Brief.
Exactly the lines from the line with "Military vehicles, one" through the final line of the records below, both ends included, are to be set down. Do not include pictures.

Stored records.
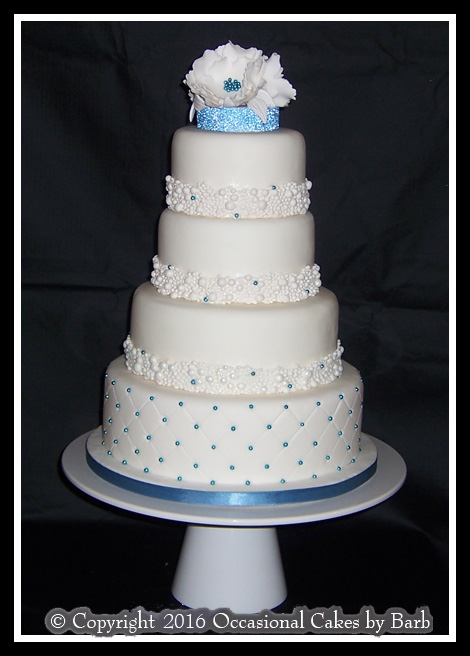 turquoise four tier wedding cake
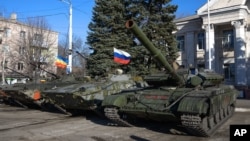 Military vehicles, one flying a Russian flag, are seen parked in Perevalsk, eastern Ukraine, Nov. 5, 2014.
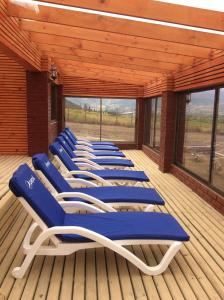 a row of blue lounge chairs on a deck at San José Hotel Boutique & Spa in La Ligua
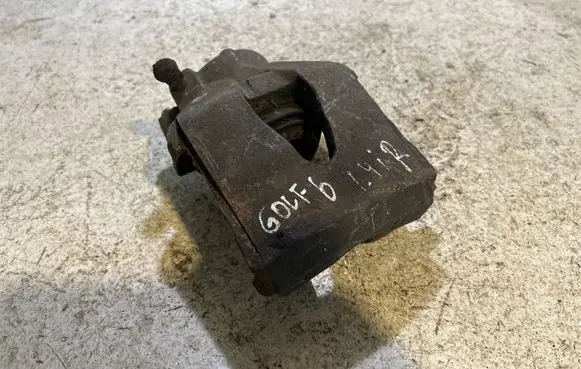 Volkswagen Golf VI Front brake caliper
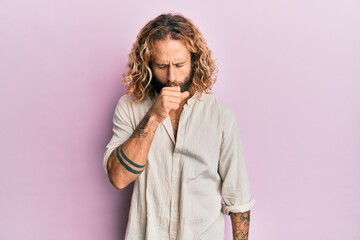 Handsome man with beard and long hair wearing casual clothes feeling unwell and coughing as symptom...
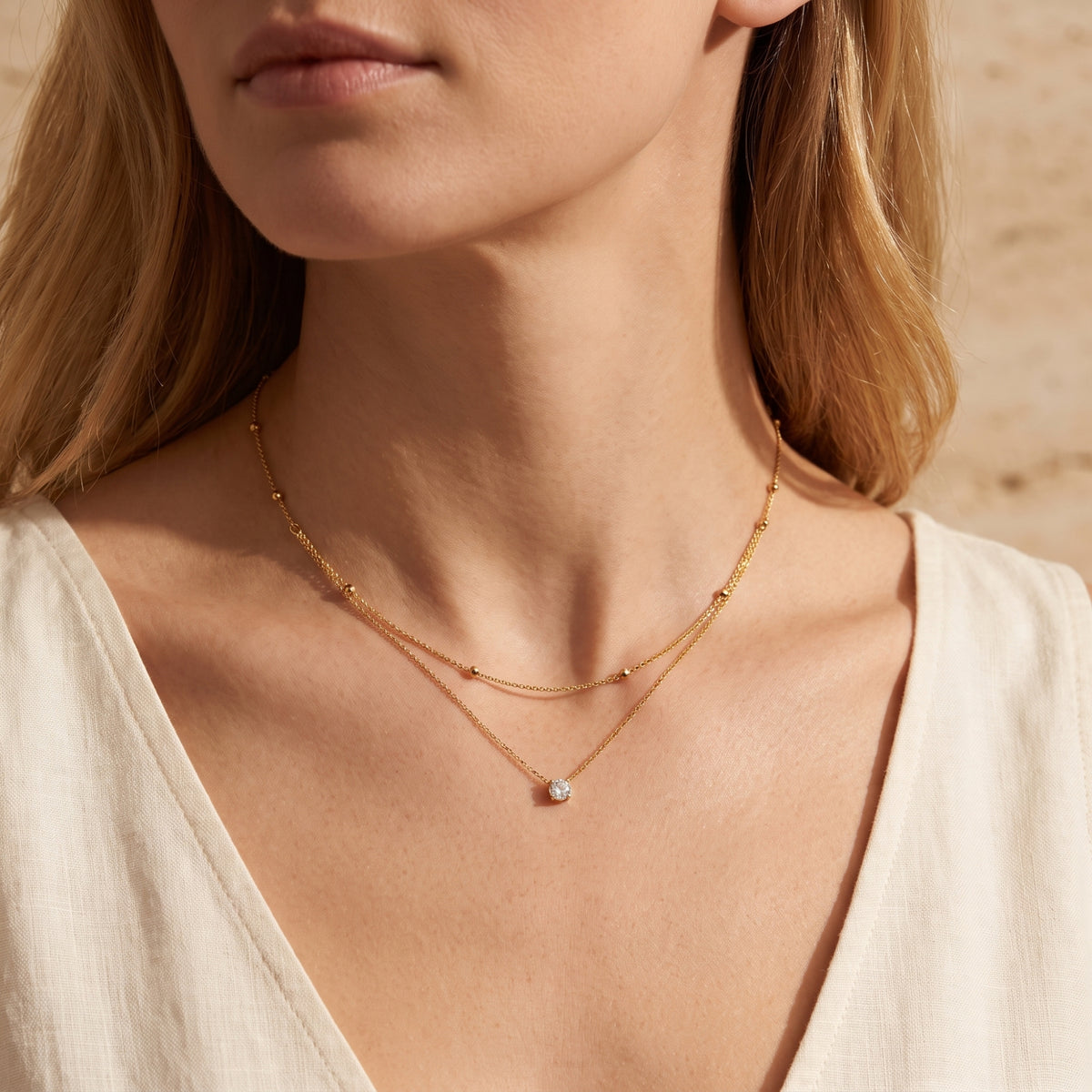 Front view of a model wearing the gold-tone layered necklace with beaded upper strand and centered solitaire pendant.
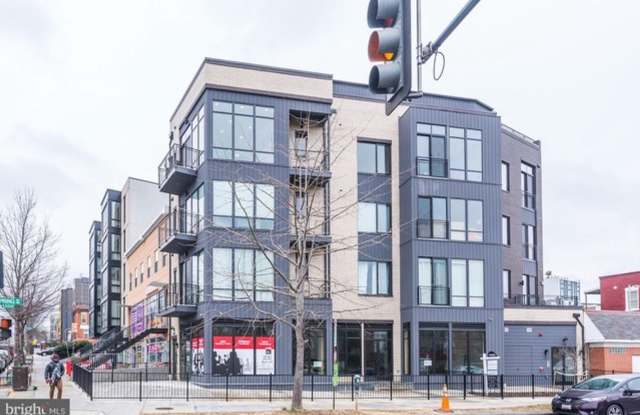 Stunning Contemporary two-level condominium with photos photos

Output below.
 Military vehicles, one flying a Russian flag, are seen parked in Perevalsk, eastern Ukraine, Nov. 5, 2014.
 a row of blue lounge chairs on a deck at San José Hotel Boutique & Spa in La Ligua
 Volkswagen Golf VI Front brake caliper
 Handsome man with beard and long hair wearing casual clothes feeling unwell and coughing as symptom...
 Front view of a model wearing the gold-tone layered necklace with beaded upper strand and centered solitaire pendant.
 Stunning Contemporary two-level condominium with photos photos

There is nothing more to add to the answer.